You’ve spoken about how your work with colour is an examination of our social connections, and the way that we categorise society — that other colour theorists have stepped into this conversation across history, but that most don’t consider nature. Why is it so important for your practice to look to the natural world?
We’re part of nature. As human beings, we get so caught up in being the alpha species here on earth, but nothing’s more powerful than nature. We forget often how connected we are, we abuse nature. We’re over-mining the resources that this planet has given us. We are not being graceful or caring to the planet. Everything that we have is given to us through nature. Especially with colour—the colours that we see, the colours that we reference, all that comes from nature. I intentionally incorporate aspects of nature into my work because I feel like that is a part of our history as human beings.

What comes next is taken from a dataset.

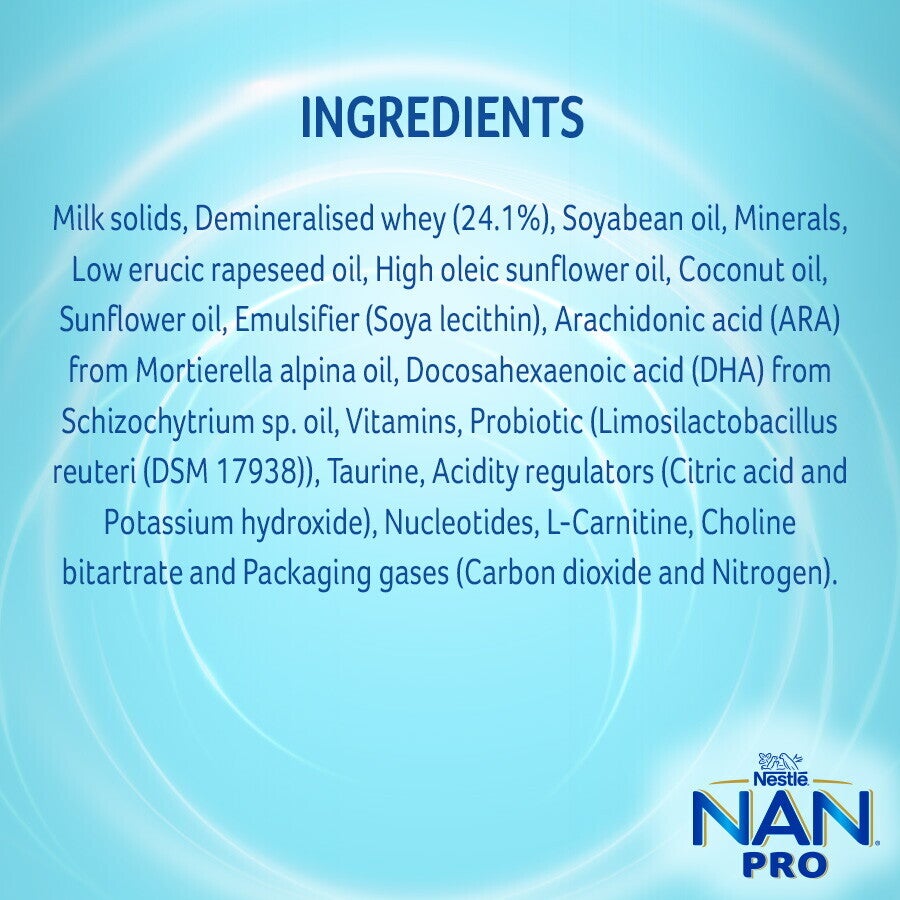 Nestlé Nan Pro Stage1 1.2Kg Ingredients
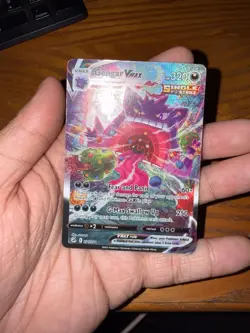 Pokemon Gengar VMAX 271/264 Fusion Strike Secret Rare Holo Alternate Art 320 HP - Image 1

Part of, you know, this planet’s history, it’s a part of the history of the cosmos. We as human beings have kind of taken this the way we interpret colour and have redefined it. We radicalise it for our own intention, we politicise it and use it as a weapon — to degrade one race of human beings from another.
So for me to kind of combat that for myself, to liberate myself from these certain notions, especially me being a Black man living in America. I have used my work and the vehicle of abstract painting to expand and liberate my own consciousness and how I perceive colour.
Tell me about the show, and your new artworks.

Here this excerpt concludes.